Há seis riscos principais. Os dois primeiros estão no plano externo. O primeiro está associado a uma queda súbita de preços no mercado imobiliário dos EUA. Isso causaria forte redução na riqueza e conseqüente retração na principal economia do planeta. Apesar da expansão continuada de outras regiões (como a China), tal fenômeno teria forte efeito multiplicador sobre o resto do mundo. O segundo risco está ligado a agravamento ainda maior das tensões geopolíticas, em particular no Oriente Médio.
A ocorrência de um desses cenários comprometeria a atual bonança externa. É verdade que embora tais riscos sejam reais, não há muito que o Brasil possa fazer e ainda há razões para apostar em um ambiente externo favorável. Mas o país precisa estar preparado para tais eventualidades. Não é o caso de suspender o serviço de bordo. Mas convém deixar ligado o sinal de atar os cintos.
Os outros quatro riscos estão no plano interno. O primeiro reside na crise do agronegócio. Esse segmento tem sido a galinha de ovos de ouro da recuperação das contas externas. Cerca de 91% dos US$ 45 bilhões do saldo comercial projetado para 2006 são representados pelo resultado externo superavitário do agronegócio. Nos últimos três anos o saldo do agronegócio nunca representou menos do que 86% do saldo comercial global.
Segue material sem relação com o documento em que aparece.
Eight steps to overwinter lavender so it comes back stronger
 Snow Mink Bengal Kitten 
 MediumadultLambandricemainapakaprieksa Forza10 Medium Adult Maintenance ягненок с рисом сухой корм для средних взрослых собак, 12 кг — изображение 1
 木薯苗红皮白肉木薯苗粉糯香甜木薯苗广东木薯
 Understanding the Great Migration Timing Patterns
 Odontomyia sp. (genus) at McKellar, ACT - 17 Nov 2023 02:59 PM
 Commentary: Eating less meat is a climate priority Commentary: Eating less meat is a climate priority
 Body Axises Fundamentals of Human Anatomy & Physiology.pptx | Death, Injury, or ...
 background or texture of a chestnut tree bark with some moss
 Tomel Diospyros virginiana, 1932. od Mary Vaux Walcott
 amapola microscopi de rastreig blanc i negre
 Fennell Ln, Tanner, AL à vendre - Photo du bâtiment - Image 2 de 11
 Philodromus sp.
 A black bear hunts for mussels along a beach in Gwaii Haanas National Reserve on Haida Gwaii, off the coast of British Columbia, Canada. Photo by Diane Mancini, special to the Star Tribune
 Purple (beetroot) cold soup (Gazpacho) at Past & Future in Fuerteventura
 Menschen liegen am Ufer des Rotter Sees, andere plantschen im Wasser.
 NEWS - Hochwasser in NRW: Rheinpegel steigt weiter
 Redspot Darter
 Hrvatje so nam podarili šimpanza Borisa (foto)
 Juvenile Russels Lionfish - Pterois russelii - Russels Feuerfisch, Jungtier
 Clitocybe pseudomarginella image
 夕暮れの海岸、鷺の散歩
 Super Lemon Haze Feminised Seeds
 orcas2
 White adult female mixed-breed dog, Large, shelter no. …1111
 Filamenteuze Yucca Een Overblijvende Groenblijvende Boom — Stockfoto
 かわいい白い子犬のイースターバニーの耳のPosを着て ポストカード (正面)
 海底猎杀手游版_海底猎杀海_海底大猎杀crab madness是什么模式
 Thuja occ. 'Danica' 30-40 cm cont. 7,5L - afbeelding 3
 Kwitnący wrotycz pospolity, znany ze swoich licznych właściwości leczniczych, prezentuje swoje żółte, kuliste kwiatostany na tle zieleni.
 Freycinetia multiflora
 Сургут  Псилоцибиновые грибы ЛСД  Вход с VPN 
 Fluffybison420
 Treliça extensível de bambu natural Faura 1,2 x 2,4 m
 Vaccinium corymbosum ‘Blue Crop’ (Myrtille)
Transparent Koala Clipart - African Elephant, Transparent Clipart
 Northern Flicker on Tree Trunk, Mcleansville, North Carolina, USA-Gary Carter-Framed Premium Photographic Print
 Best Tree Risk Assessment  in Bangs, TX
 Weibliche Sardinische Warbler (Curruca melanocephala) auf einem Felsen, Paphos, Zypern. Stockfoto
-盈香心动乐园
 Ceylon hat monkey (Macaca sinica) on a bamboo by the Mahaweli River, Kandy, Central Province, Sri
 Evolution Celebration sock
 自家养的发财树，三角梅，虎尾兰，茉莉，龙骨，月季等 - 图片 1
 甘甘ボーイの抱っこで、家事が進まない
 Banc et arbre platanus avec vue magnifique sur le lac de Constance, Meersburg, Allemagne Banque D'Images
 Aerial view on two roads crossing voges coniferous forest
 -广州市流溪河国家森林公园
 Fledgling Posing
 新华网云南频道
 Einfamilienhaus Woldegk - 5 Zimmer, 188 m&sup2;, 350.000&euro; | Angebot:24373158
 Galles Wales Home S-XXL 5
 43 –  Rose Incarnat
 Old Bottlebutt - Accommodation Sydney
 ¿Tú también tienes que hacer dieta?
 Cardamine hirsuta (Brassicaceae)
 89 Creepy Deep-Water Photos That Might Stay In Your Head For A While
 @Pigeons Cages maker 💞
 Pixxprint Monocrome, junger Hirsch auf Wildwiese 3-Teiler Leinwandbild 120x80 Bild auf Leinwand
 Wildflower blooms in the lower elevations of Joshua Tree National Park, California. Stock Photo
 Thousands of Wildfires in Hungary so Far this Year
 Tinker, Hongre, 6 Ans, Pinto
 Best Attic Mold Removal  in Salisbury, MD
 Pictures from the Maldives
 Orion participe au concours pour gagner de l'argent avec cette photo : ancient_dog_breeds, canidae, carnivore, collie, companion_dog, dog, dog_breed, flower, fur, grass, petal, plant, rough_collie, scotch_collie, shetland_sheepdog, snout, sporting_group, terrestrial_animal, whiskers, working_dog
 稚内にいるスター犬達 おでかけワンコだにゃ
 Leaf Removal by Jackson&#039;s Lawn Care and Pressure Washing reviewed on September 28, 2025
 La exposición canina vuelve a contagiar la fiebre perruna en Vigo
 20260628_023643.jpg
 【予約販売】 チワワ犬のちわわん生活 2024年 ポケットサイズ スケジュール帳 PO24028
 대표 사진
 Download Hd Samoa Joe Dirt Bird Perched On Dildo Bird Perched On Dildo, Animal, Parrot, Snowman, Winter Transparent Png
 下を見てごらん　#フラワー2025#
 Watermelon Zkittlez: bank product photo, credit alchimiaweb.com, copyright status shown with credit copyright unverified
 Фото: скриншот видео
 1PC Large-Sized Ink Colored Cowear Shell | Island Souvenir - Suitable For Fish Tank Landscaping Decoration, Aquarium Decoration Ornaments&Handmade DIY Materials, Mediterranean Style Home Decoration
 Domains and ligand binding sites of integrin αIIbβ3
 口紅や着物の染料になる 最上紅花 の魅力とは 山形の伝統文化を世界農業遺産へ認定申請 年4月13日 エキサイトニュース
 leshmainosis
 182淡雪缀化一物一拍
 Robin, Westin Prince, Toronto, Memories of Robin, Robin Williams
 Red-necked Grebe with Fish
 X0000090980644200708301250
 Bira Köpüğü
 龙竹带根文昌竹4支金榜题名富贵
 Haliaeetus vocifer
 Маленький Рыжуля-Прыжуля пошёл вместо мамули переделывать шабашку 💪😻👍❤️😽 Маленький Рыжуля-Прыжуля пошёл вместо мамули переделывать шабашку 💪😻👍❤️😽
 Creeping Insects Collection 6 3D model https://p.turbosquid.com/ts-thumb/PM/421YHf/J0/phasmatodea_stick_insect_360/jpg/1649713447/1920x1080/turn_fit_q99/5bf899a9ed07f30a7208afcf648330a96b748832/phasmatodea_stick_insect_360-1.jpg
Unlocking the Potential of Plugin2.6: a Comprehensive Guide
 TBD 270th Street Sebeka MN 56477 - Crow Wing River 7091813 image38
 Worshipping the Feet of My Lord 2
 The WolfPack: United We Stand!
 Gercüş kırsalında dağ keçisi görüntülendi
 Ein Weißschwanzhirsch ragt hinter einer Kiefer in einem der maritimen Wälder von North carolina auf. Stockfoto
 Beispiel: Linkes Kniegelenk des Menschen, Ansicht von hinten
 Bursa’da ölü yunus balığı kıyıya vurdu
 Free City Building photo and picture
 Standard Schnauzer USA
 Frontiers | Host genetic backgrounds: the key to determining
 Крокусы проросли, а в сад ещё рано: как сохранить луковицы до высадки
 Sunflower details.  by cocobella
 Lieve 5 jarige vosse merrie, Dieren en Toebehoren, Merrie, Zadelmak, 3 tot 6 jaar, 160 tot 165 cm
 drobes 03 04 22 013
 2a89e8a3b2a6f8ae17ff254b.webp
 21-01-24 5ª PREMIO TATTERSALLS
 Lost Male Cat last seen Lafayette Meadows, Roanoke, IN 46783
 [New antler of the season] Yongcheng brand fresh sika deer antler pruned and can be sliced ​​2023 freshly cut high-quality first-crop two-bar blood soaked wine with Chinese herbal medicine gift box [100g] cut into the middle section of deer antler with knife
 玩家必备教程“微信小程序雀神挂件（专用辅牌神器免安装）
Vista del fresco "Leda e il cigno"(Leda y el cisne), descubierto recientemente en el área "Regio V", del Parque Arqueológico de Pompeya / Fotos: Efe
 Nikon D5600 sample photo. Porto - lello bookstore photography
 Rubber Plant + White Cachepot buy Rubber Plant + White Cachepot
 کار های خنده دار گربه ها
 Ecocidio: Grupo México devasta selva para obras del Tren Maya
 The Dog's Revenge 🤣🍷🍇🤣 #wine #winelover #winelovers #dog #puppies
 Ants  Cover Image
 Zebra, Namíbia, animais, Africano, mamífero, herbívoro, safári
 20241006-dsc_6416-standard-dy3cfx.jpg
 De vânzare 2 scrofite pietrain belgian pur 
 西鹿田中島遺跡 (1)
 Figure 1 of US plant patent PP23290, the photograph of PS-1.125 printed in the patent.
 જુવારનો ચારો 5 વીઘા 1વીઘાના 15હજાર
Se não houver condições de rentabilidade nesse segmento, tal efeito positivo desaparecerá.
O segundo risco está associado à piora ainda maior na qualidade do ajuste fiscal. O Estado brasileiro já gasta em excesso em despesas correntes e quase nada em investimento. Quando o programa do candidato que lidera as pesquisas silencia a respeito de corte e racionalização de gastos há razões para apreensão. Especialmente quando se fala em recuperação do salário mínimo sem levar em conta seus efeitos sobre as despesas da Previdência.
O terceiro risco decorre do fato de que a combinação de gastos elevados e mal alocados não permite antever aumento de investimento público. Nem tampouco espaço para a redução da taxa de juros, já submetida a viés conservador do Banco Central. Daí a previsão de continuidade de apreciação da taxa de câmbio e desestímulo para o investimento, especialmente em capacidade exportadora. Tal situação de real valorizado não reflete uma economia nacional fortalecida. Resulta apenas de uma combinação perversa de políticas monetária e fiscal em prejuízo do investimento e a favor do consumo.
Por último, persiste o fantasma de novo apagão. Não somente em energia elétrica como em 2001, mas em vários dos serviços básicos de um país com uma infra-estrutura em frangalhos. E no qual as agências reguladoras vêm sendo enfraquecidas em prol do aparelhamento político-burocrático. 2006 tem sido um ano calmo relativamente aos quatro anos eleitorais anteriores. Mas, se a retórica eleitoral não ceder lugar a uma agenda substantiva, a calmaria será seguida de fortes tempestades.